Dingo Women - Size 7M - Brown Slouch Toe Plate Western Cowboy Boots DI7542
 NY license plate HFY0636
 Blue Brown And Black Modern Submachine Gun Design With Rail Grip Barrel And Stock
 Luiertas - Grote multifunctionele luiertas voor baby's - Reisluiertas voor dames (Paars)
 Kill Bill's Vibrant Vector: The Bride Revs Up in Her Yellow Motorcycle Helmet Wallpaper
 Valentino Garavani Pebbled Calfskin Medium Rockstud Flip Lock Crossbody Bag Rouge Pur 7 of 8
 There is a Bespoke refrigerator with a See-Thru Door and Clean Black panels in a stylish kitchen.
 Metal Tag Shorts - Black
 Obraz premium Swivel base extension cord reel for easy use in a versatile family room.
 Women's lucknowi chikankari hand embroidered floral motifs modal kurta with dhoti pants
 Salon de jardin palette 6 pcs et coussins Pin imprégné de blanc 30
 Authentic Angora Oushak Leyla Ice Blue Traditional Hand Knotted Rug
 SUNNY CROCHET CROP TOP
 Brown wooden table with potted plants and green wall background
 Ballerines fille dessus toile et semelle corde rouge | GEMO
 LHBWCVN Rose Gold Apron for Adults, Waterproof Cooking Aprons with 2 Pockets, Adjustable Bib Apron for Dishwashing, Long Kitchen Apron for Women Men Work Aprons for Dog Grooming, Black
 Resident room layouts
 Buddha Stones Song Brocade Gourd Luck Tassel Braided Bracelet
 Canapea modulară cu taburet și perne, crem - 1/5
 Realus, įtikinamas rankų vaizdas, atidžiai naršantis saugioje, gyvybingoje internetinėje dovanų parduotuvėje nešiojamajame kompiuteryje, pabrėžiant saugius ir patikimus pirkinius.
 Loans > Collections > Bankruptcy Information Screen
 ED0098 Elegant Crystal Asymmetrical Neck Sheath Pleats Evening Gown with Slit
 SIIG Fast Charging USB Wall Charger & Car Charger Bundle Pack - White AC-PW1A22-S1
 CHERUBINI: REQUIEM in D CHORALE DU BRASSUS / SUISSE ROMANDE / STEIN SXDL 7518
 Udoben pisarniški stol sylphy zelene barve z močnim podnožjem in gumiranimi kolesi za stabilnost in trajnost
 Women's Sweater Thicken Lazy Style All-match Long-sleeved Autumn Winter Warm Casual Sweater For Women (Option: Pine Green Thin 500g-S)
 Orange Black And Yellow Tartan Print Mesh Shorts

> [ABOUT THIS EXERCISE]: Set down only the lines from the line with "Women's Sweater Thicken" through the last line of the data above, keeping both the first and the last.

> [FINISHED EXERCISE]:
 Women's Sweater Thicken Lazy Style All-match Long-sleeved Autumn Winter Warm Casual Sweater For Women (Option: Pine Green Thin 500g-S)
 Orange Black And Yellow Tartan Print Mesh Shorts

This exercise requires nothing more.